Two ingredients from §3.4.1 set up everything that follows. First, the Wick rotation \(t \to -\mathrm{i}\tau\) replaces the real-time action \(S = \int(\tfrac{1}{2}m\dot{x}^2 - V)\,\mathrm{d}t\) with the Euclidean action

(138)#\[ S_E[x] \;=\; \int\!\Bigl(\tfrac{1}{2}m\,x'(\tau)^2 + V(x)\Bigr)\,\mathrm{d}\tau, \]

in which kinetic and potential terms add. Second, varying \(S_E\) gives a second-order equation of motion with the opposite sign from real-time Newton’s law:

(139)#\[ m\,x''(\tau) \;=\; +V'(x). \]

In imaginary time the particle moves as if it were rolling in the inverted potential \(-V(x)\). Barriers in \(V\) become hills in \(-V\) that the particle can climb over with finite Euclidean action; trajectories that are classically forbidden in real time become classically allowed in imaginary time. The rest of this lesson exploits this single sign flip in the case of a double-well potential.

The Double-Well Potential#

The symmetric double-well potential is

(140)#\[ V(x) = \lambda(x^2 - a^2)^2 \]

with two degenerate minima at \(x = \pm a\) (where \(V(\pm a) = 0\)) and a barrier of height \(\lambda a^4\) at the origin.

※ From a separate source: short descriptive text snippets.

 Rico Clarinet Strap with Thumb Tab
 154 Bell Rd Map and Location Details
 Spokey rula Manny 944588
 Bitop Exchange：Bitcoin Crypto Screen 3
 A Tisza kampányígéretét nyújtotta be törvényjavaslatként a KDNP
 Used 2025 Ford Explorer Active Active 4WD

Classical vs. quantum. Classically, a particle with energy \(E < \lambda a^4\) is trapped in one well. Quantum mechanically, tunneling splits the ground state into a symmetric combination \(\vert +\rangle\) (energy \(E_0 - \Delta\)) and an antisymmetric combination \(\vert -\rangle\) (energy \(E_0 + \Delta\)). The splitting \(2\Delta\) is non-perturbative in \(\hbar\): it is \(O(\mathrm{e}^{-1/\hbar})\) and invisible at any finite order in perturbation theory.

The Instanton Solution.

A first-order reduction (Bogomolny trick) simplifies the second-order equation. Any path satisfying

\[ \dot{x} = \sqrt{\frac{2V(x)}{m}} \]

automatically solves the Euclidean equation of motion (verify by differentiating). For the double-well \(V = \lambda(x^2 - a^2)^2\):

\[ \dot{x} = \sqrt{\frac{2\lambda}{m}}\,(a^2 - x^2) \]

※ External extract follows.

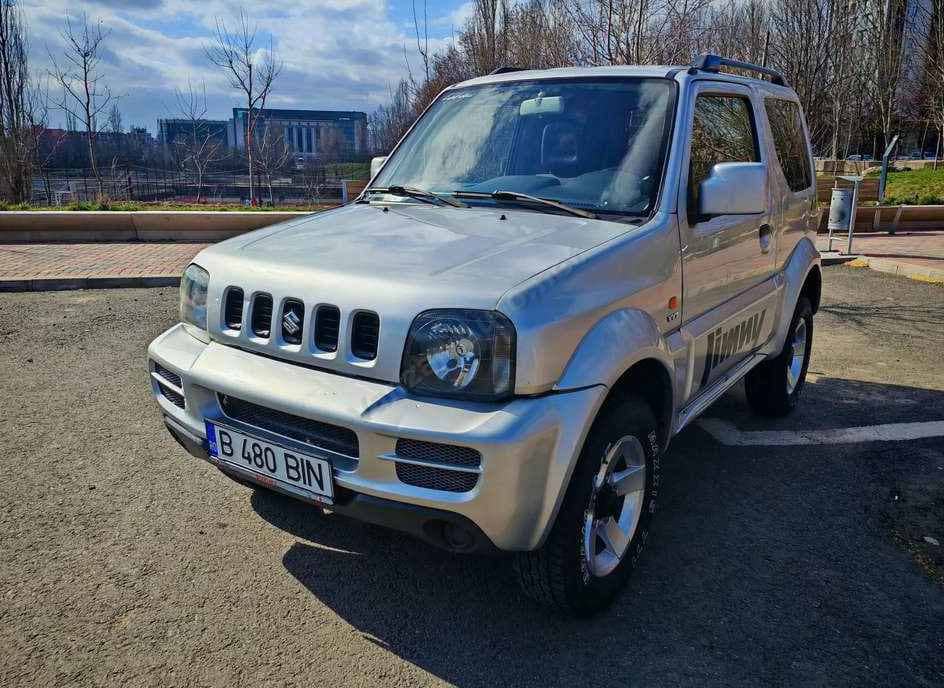 Suzuki Jimny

Separating variables and integrating gives the instanton (kink) solution:

Instanton

An instanton is a classical solution in Euclidean time that interpolates between two distinct minima. For the double-well potential (140), the unique (up to center position \(\tau_0\)) finite-action kink is

(141)#\[ x_{\mathrm{inst}}(\tau) = a\tanh\!\left(\frac{\omega(\tau - \tau_0)}{2}\right) \]

where \(\omega = 2a\sqrt{2\lambda/m}\) is the oscillation frequency at either minimum. It satisfies \(x_{\mathrm{inst}}(-\infty) = -a\) and \(x_{\mathrm{inst}}(+\infty) = +a\).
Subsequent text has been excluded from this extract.